**Task objective**
Each entry should be restated word for word, with all pictures left out.

(Data records)
- Opening Delimiter -
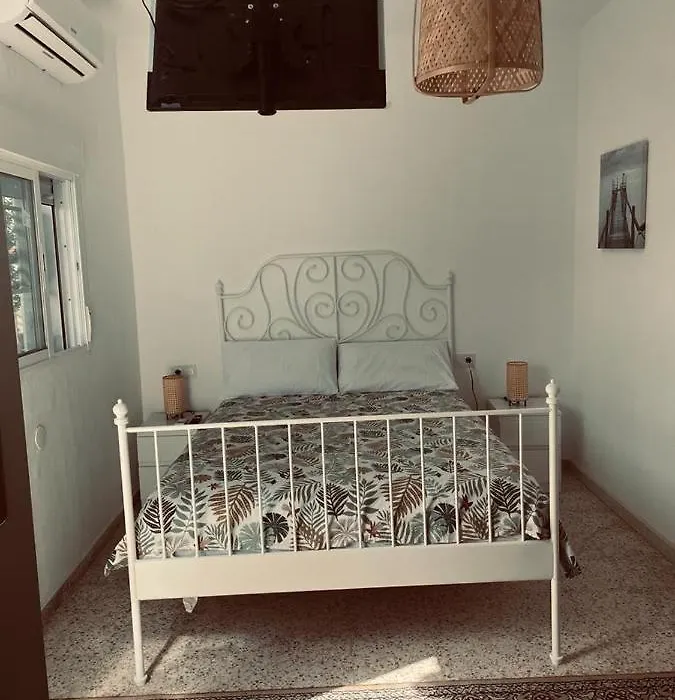 Amir B&B-1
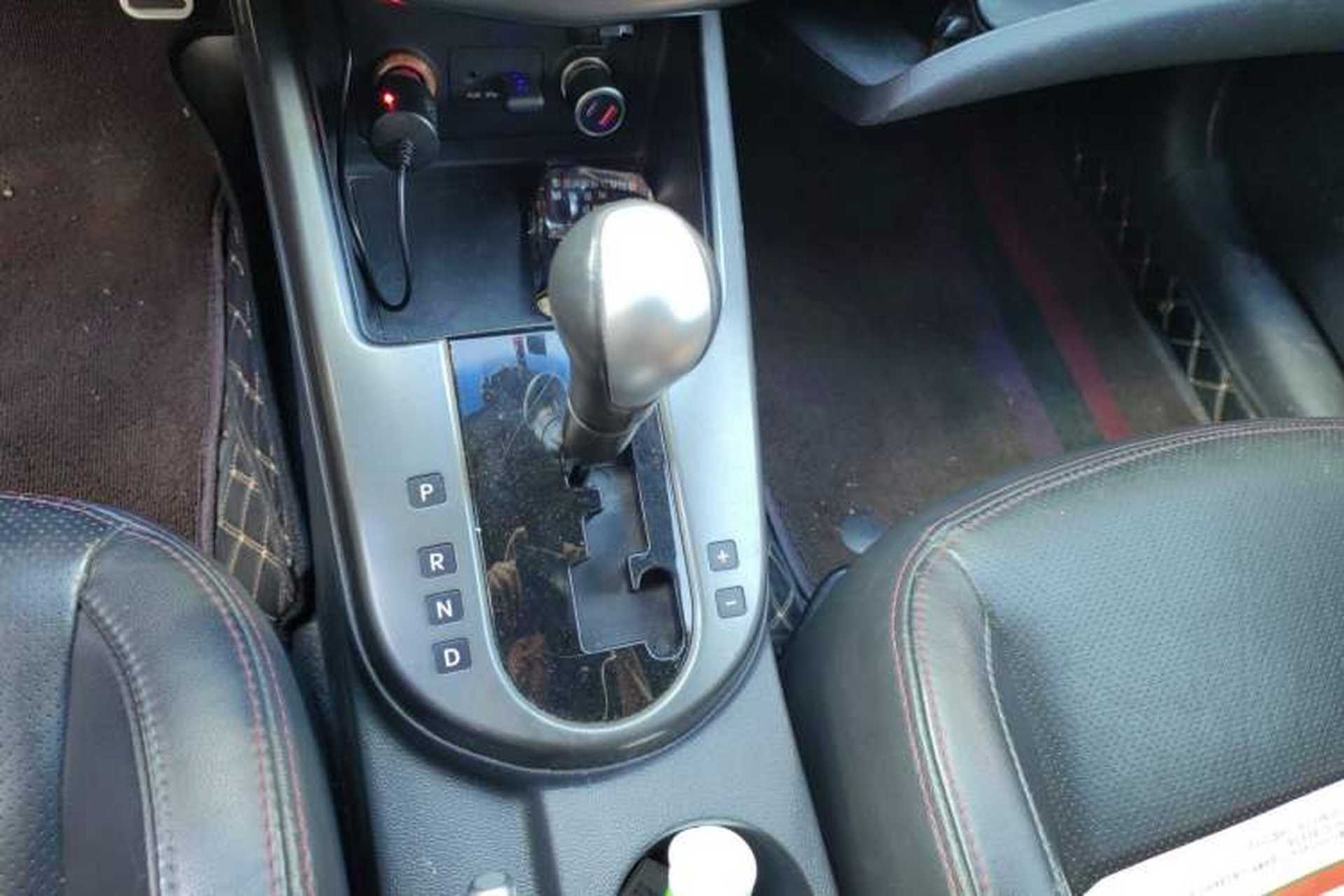 Used Kia Shuma 2010 2.0 AT Luxury Edition Gear Lever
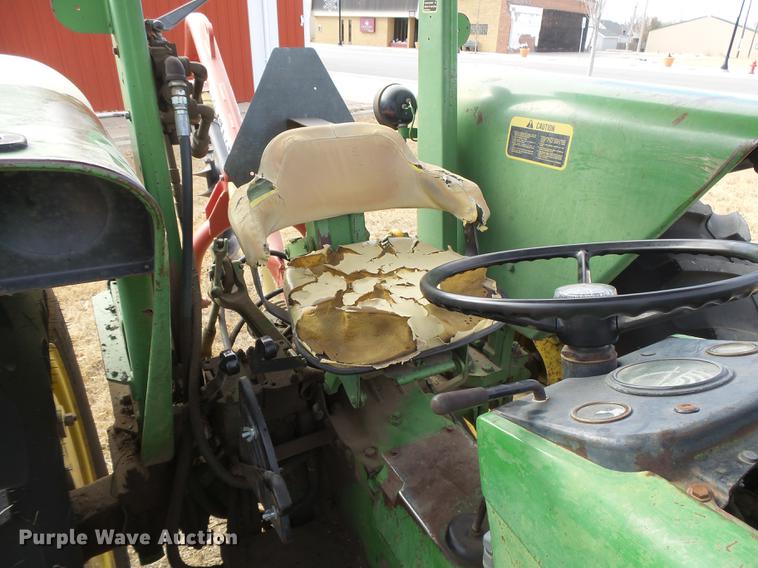 image for item DC8495 1979 John Deere 2440 tractor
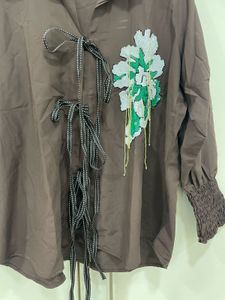 Indo-Italian Glam: Gilded Earth Blouse! 🤎✨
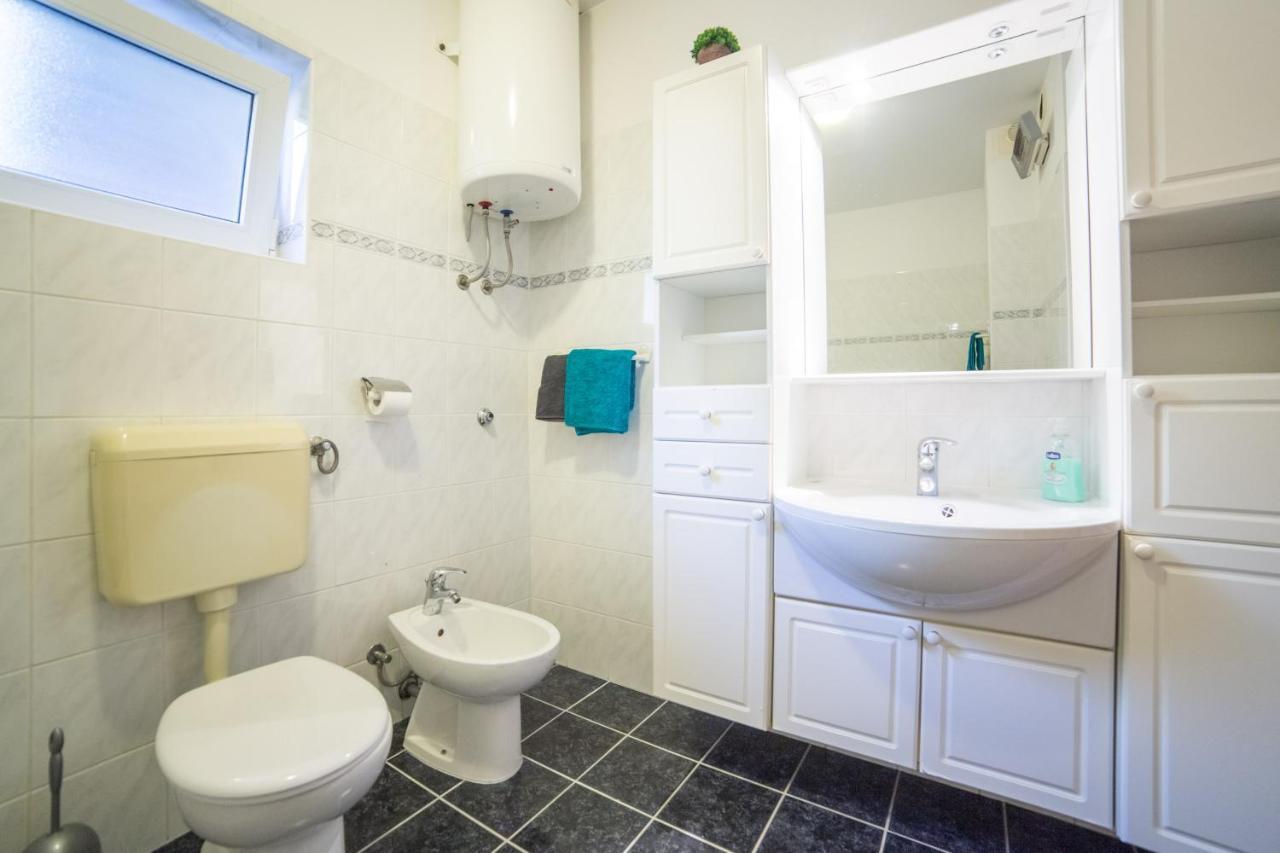 Apartment Jadranka Брист Екстериор снимка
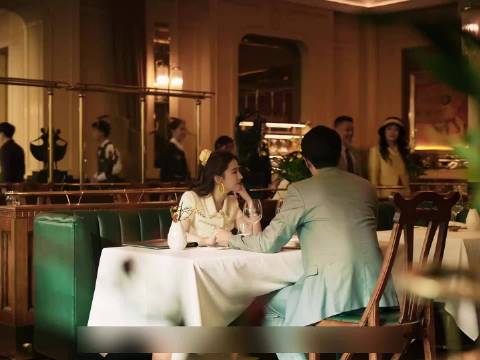 刘亦菲林更新新剧《玫瑰的故事》引热议，女友反击男友阻挠见母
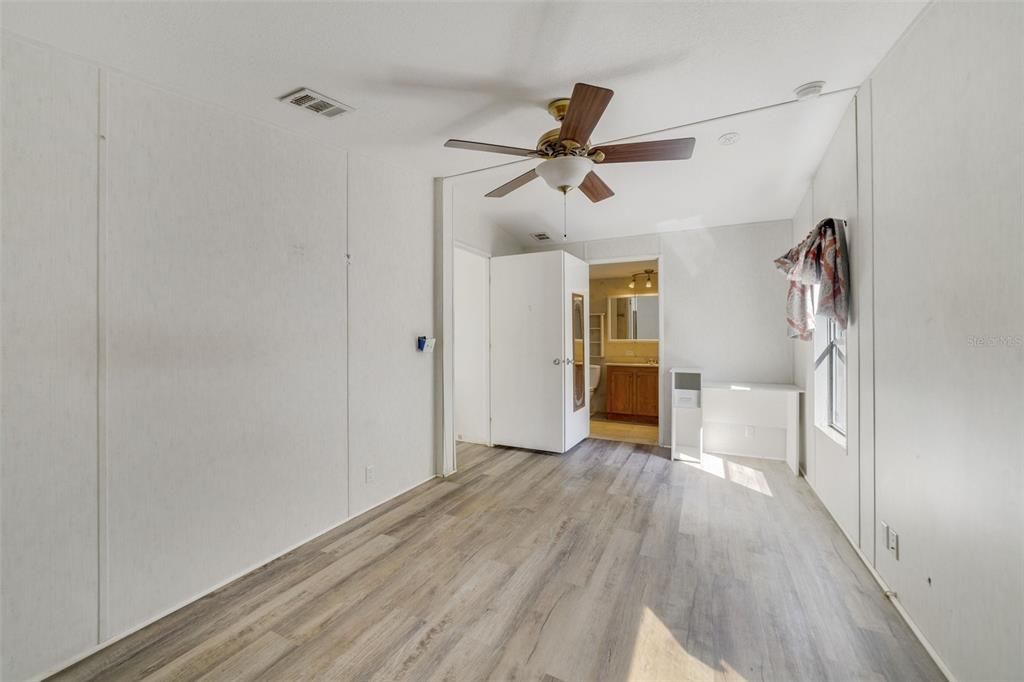 Activo con contrato: $110,000 (2 camas, 2 baños, 864 Pies cuadrados)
- Closing Delimiter -
**Solution to this task**
 Amir B&B-1
 Used Kia Shuma 2010 2.0 AT Luxury Edition Gear Lever
 image for item DC8495 1979 John Deere 2440 tractor
 Indo-Italian Glam: Gilded Earth Blouse! 🤎✨
 Apartment Jadranka Брист Екстериор снимка
 刘亦菲林更新新剧《玫瑰的故事》引热议，女友反击男友阻挠见母
 Activo con contrato: $110,000 (2 camas, 2 baños, 864 Pies cuadrados)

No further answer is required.